A few days ago, a thoughtful and committed reader sent in a link to this story with a note that said:
I’m not sure how I feel about this story. It’s a complex one as the headline states as it involves both traditional Native American beliefs and Catholicism. I am glad that both voices were heard in the story. Maybe because it’s so complex, but I keep turning it over in my mind and wondering if it was told in the best way or not. I’m just not sure.
The next day, another one of our thoughtful readers wrote:
I don’t know what to think about this piece. I wish they had interviewed someone who was a little more orthodox and not a syncretist.
The story in question comes from the New York Times. It’s a natural regional story for that paper as explained in the lede:
FONDA, N.Y. — The last time the Vatican canonized saints from along this stretch of the Mohawk River, it was 1930, and more than 35,000 Catholic pilgrims came to mark the occasion.
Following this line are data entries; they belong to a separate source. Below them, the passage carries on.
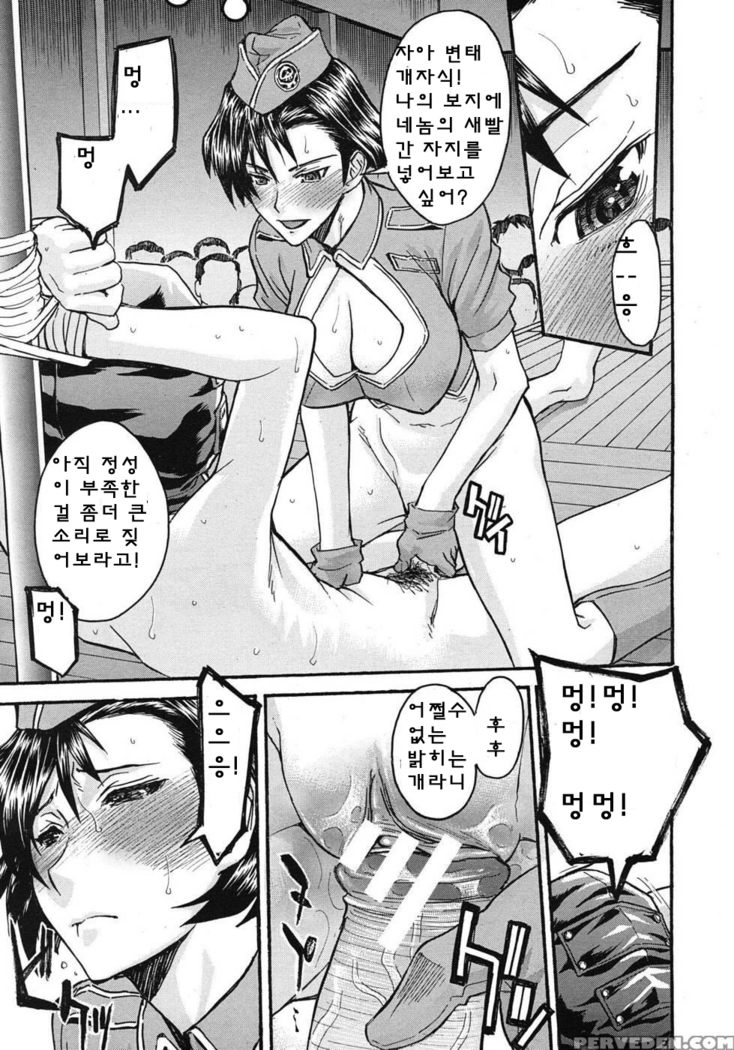 ミダラナシセン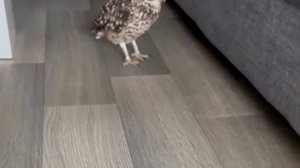 Домашняя сова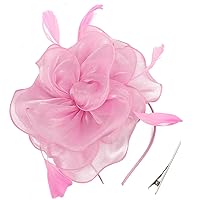 DRESHOW Fascinators Hat Tea Party Headwear Ribbons Feathers on a Headband and a Clip for Girls and Women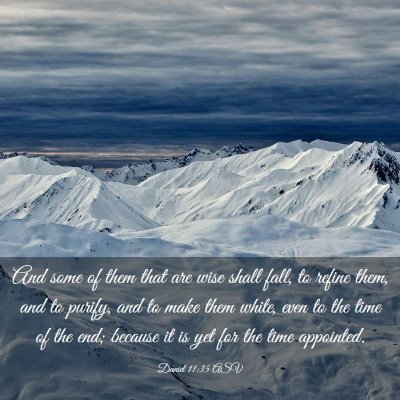 Picture 03 - Daniel 11:35 ASV - And some of them that are wise shall fall, to - Bible Verse Picture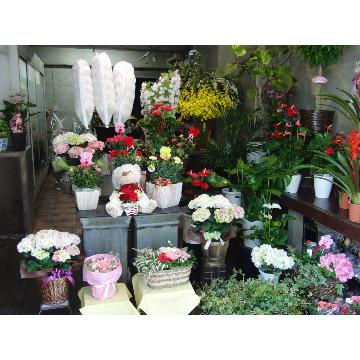 東京都小金井市の花屋 株 梶原 をご紹介 フラワーギフトはプロのお花屋さんにおまかせ フジテレビフラワーネット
The Jesuits here constructed a coliseum-size church to hold the crowds, and placed wooden statues of the new saints at the peaks of its stockadelike altar.
Those saints, three of them, were French Jesuits, tortured and murdered in the 17th century by the Mohawk Indians they were seeking to convert, according to the church. But in a twist of history, this October the Vatican will canonize a fourth saint from the Mohawk Valley: Kateri Tekakwitha, a Mohawk woman born in 1656, a decade after the missionaries were killed in her village.
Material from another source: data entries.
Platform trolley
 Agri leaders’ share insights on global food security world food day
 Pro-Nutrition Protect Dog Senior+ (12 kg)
This time around, the reaction is more complex, particularly among American Indians. Some are proud, because Kateri was a Mohawk. Some doubt the truthfulness of her story as told by the church. Some hope the canonization will ease tensions between Catholic and traditional American Indians. And some are euphoric that the church is about to name its first American Indian saint, even if they wish it had happened sooner.
The story is actually better than the lede would suggest. The details that make it into the paper are interesting and capture the complex emotions surrounding Kateri’s canonization.
I also noodled on this story for a few days, somewhat unsure what to think. I really like it. The multi-media that accompanies the story online makes it even better. And yet, I’m a bit confused as to why the articles focuses so very much on Mohawk reaction to the Roman Catholic Church’s canonization of a Catholic woman who was Mohawk.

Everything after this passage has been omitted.